Before importing data, set up database and make sure to provide relevant variables:

export PGDATABASE=mydbname
export PGUSER=mydbuser
export PGHOST=mydbhost
export PGPORT=mydbport
make init

This will create the a new schema with the necessary tables, as well as useful indices and foreign keys.

Schema

By default, your GTFS data will be loaded into a schema named gtfs. You can always rename it when you're done. Setting the SCHEMA variable when running make tasks will also address a different schema

Connecting to the database

Use the standard Postgres environment variables to specify your connection parameters. For example:

export PGDATABASE=mydbname PGHOST=example.com PGUSER=username
make load GTFS=gtfs.zip

Importing

To import the GTFS dataset in file named gtfs.zip. Note that we first drop foreign key and not null constraints. This is necessary because the tables will be loaded in parallel (-j option) in arbitrary order:

make drop_constraints
make -j load GTFS=gtfs.zip
make add_constraints

Feed indexes

GTFS data is regularly updated, and it's reasonable to want to include multiple iterations in the same database. This tool includes a feed_index column in each table. This index is part of the primary key of each table.

Extra columns

The loading script checks for extra columns in a GTFS table and adds them to database as text columns. You may wish to alter or remove these columns.

Big datasets

For large feeds, you may find that loading is faster without indices. Don't forget to add them back, or your queries will be very slow:

make drop_indices drop_constraints
make load GTFS=gtfs.zip
make add_indices add_constraints

Troubleshooting common errors in GTFS data

Most GTFS data has errors in it, so you may encounter an error when trying to add constraints back. Common errors include missing service_ids.

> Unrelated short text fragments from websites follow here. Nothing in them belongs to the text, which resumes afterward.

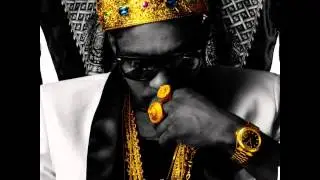 King Los - Becoming King - Intro (Prod. By J Oliver & FlightSch)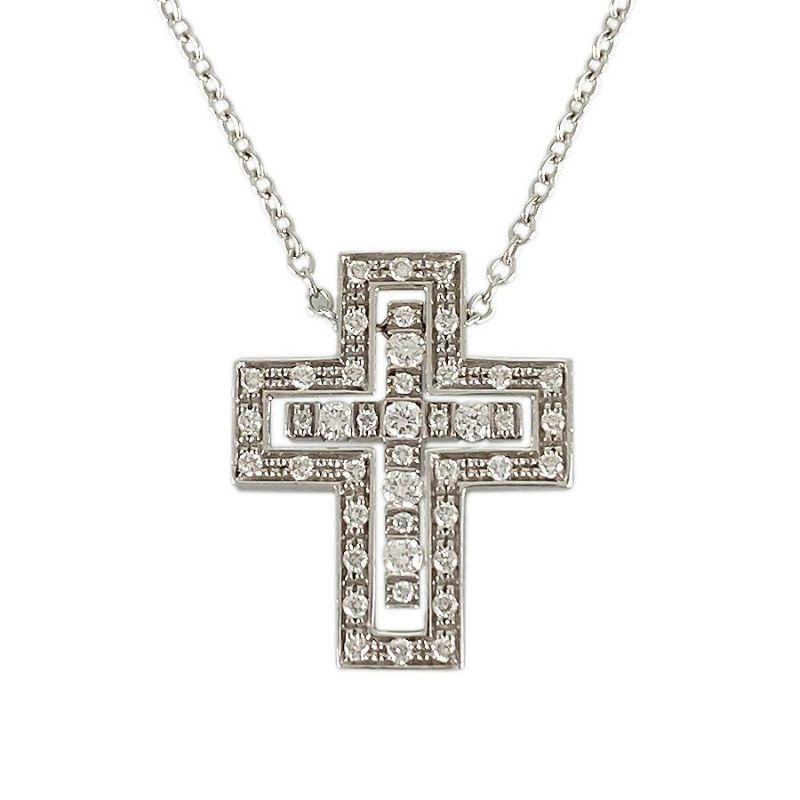 ダミアーニ ネックレス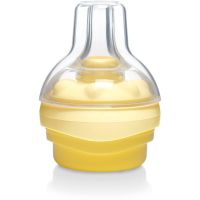 Medela Calma Without Bottle система за кърмене на деца (без шише) 1 бр.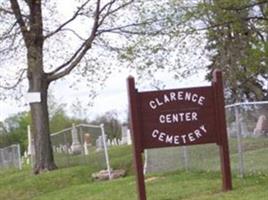 Clarence Center Cemetery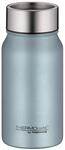 THERMOcaf&eacute; TC Thermobecher To Go 0,35 l, 8 h hei&szlig;, ice blue mat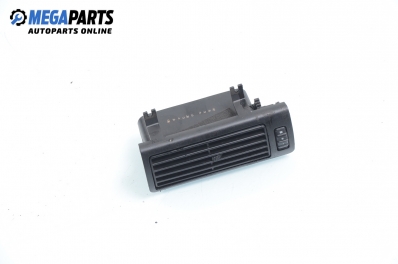 AC heat air vent for Lancia Delta 1.8 i.e., 103 hp, 5 doors, 1995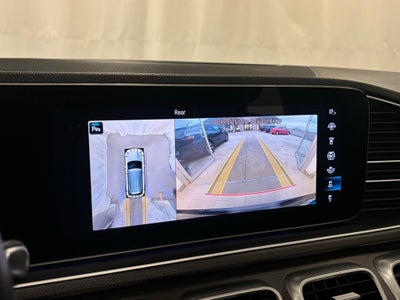 2020 Mercedes-Benz GLE GLE 350 4MATIC®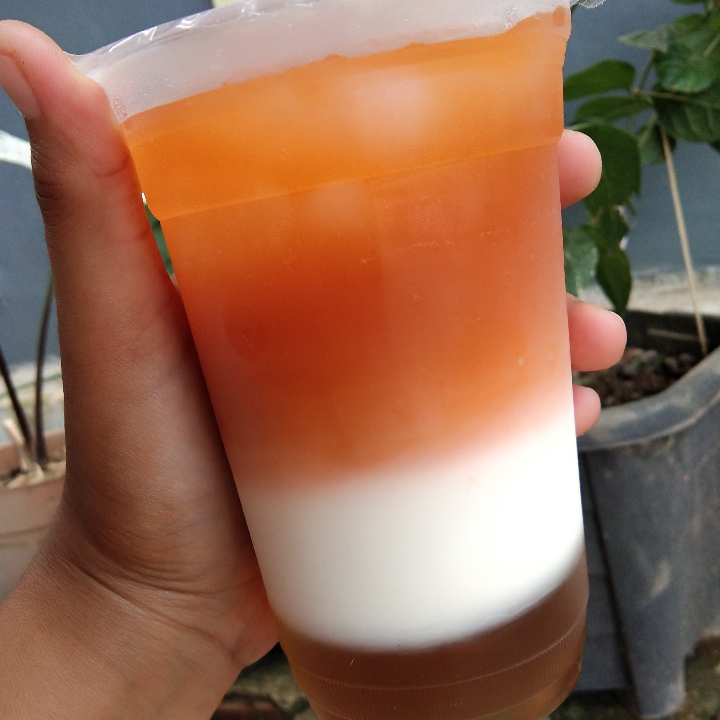 Thai Tea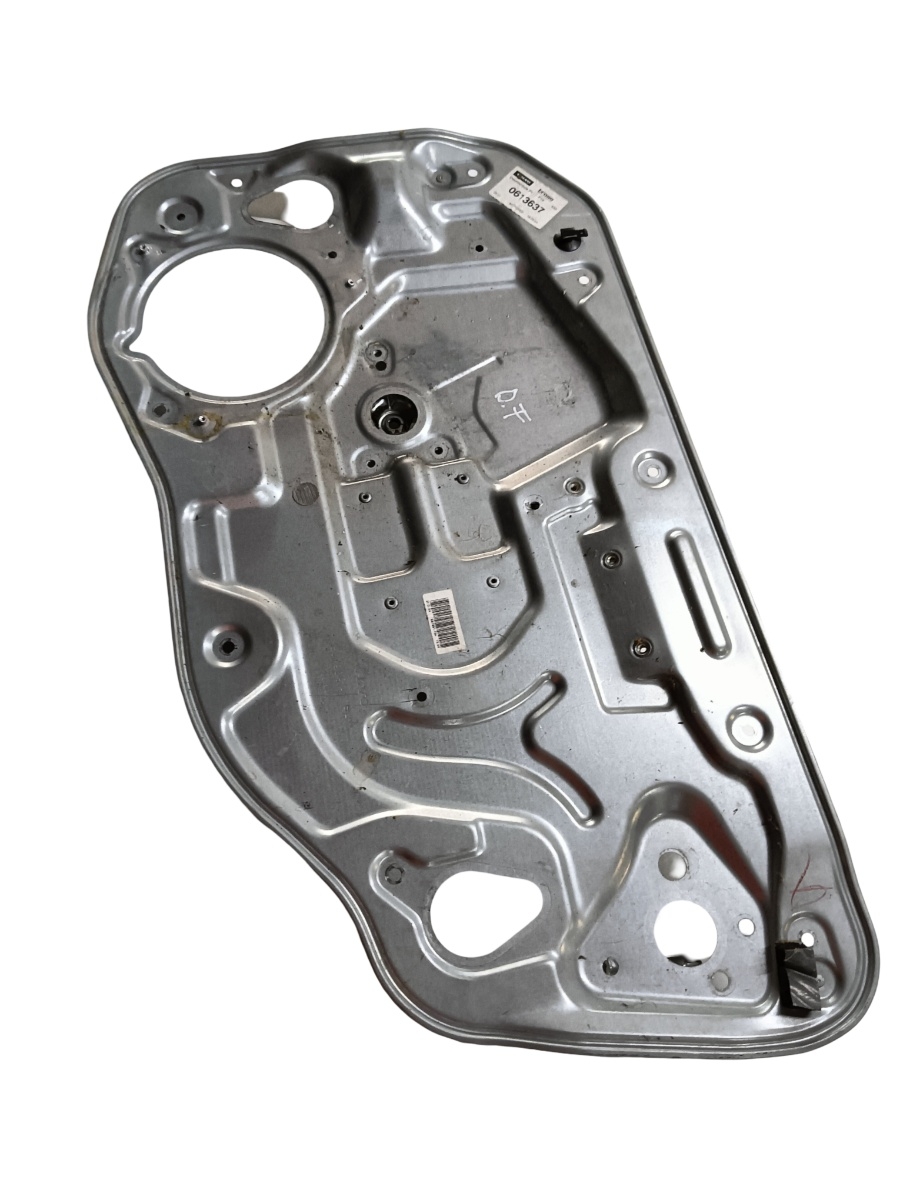 Macara Geam dreapta fata VOLVO S40 II MS, 544 2003 - 2012 – foto 2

The check task will run the scripts in tests/validity, which perform several queries looking for rows that violate foreign key constraints and bad geometries in the shapes table. These tests require prove, a very common perl testing program and pgTAP, a Postgresql testing suite. Install it in a new tap schema with:

wget https://api.pgxn.org/dist/pgtap/1.2.0/pgtap-1.2.0.zip
unzip pgtap-1.2.0.zip
make -C pgtap-1.2.0 sql/pgtap.sql
PGOPTIONS=--search_path=tap,public psql -c "CREATE SCHEMA tap" -f pgtap-1.2.0/sql/pgtap.sql

Then run the check task, giving the index of the feed to check:

make check FEED_INDEX=1

The resulting report will tell you which tables have constraint violations, and what the errors are. You may wish to manually add missing values to your tables. It also checks if all tables are populated (some optional tables may not be).

If you don't have prove available, try another TAP consumer. Failing that, you can run the tests with:

find tests -name '*.sql' -print -exec psql -Aqt -v schema=gtfs -f {} \;

Null data

ERROR:  null value in column "example_id" violates not-null constraint

This might occur if an "id" column (e.g. route_id) is improperly empty. As a workaround, you can drop NOT NULL constraints from the database and reload the data:

make drop_notnull
make load GTFS=example.zip

Then edit the database to add a non-empty value and recreate the not-null constraints (make add_notnull).

License

Released under the MIT (X11) license. See LICENSE in this directory.